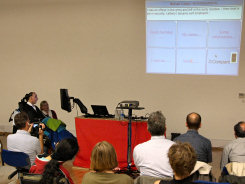 COGAIN 2007 End User session, Michael Cubiss giving presentation by using an eye tracker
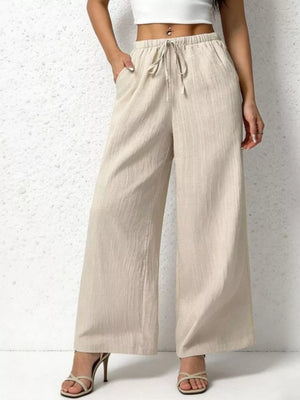 Beige cotton wide-leg pants with adjustable drawstring waist and pockets.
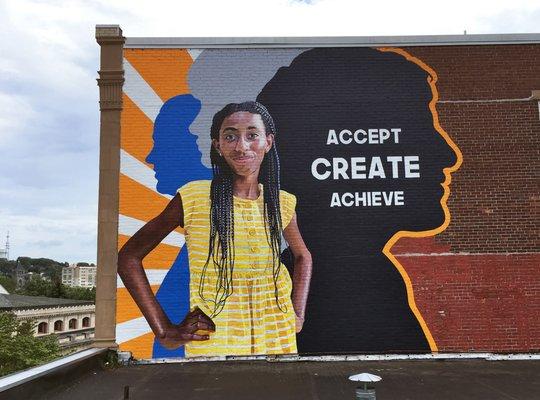 "Profiles in Courage" Mural, 22′ x 25′, Beacon Charter High School, Woonsocket, RI, 2021, by Charles C. Clear III and Bonnie Lee Turner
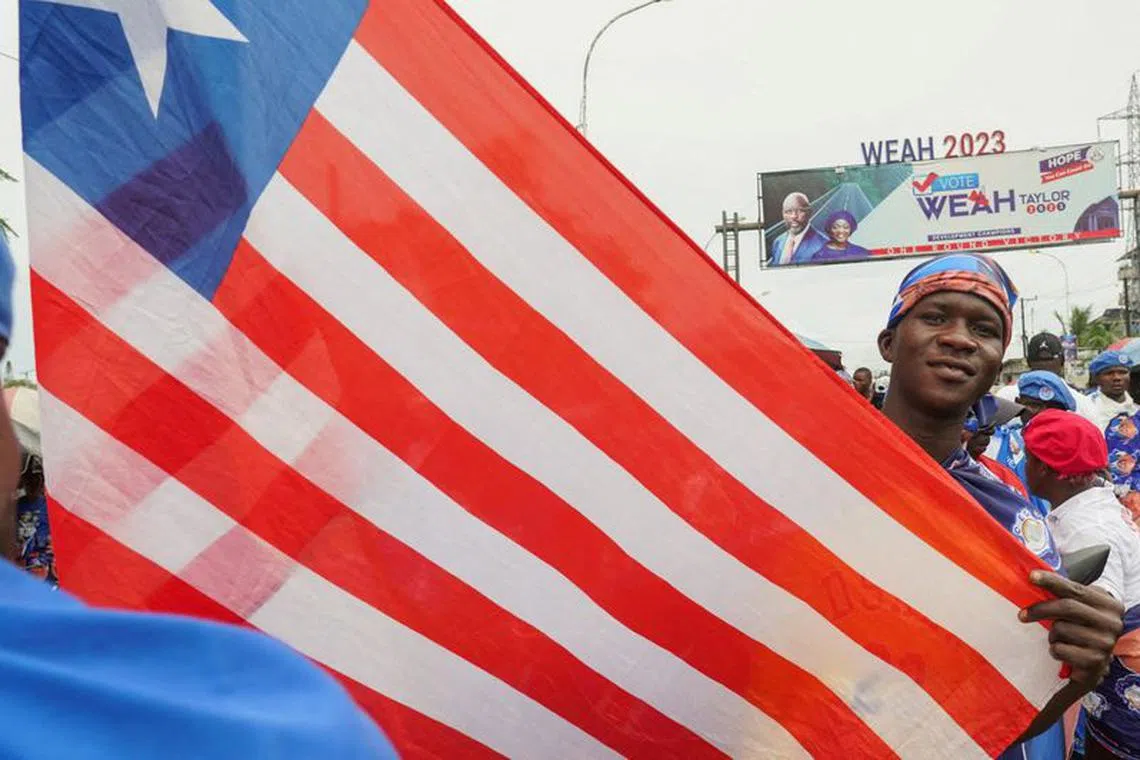 FILE PHOTO: A supporter of the leader of Liberia's ruling party Coalition for Democratic Change (CDC), President and former soccer player George Weah, holds a national flag during Weah's final campaign rally for the presidential elections in Monrovia, Liberia October 8, 2023. REUTERS/Carielle Doe/File Photo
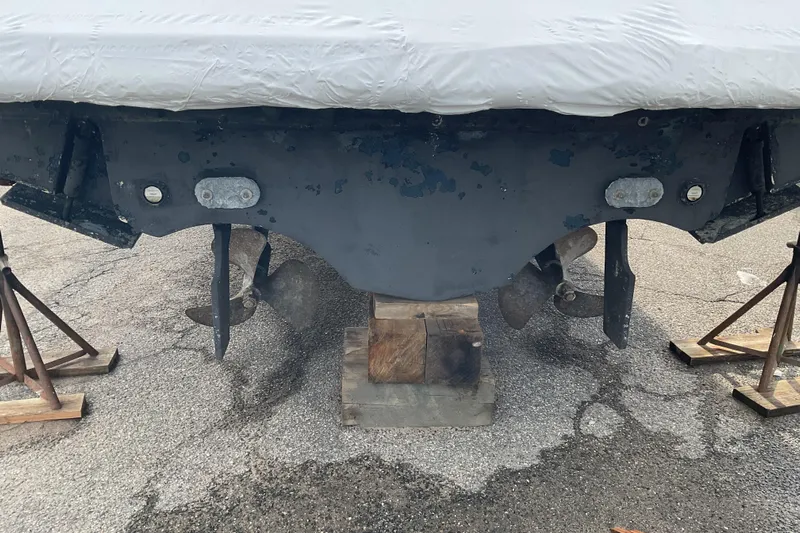 Son Days Yacht Photos Pics 2006 Tiara Yachts 3800 Open boat hull and propellers on stands.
····················
Word for word, return the material above, but drop the pictures.

 COGAIN 2007 End User session, Michael Cubiss giving presentation by using an eye tracker
 Beige cotton wide-leg pants with adjustable drawstring waist and pockets.
 "Profiles in Courage" Mural, 22′ x 25′, Beacon Charter High School, Woonsocket, RI, 2021, by Charles C. Clear III and Bonnie Lee Turner
 FILE PHOTO: A supporter of the leader of Liberia's ruling party Coalition for Democratic Change (CDC), President and former soccer player George Weah, holds a national flag during Weah's final campaign rally for the presidential elections in Monrovia, Liberia October 8, 2023. REUTERS/Carielle Doe/File Photo
 Son Days Yacht Photos Pics 2006 Tiara Yachts 3800 Open boat hull and propellers on stands.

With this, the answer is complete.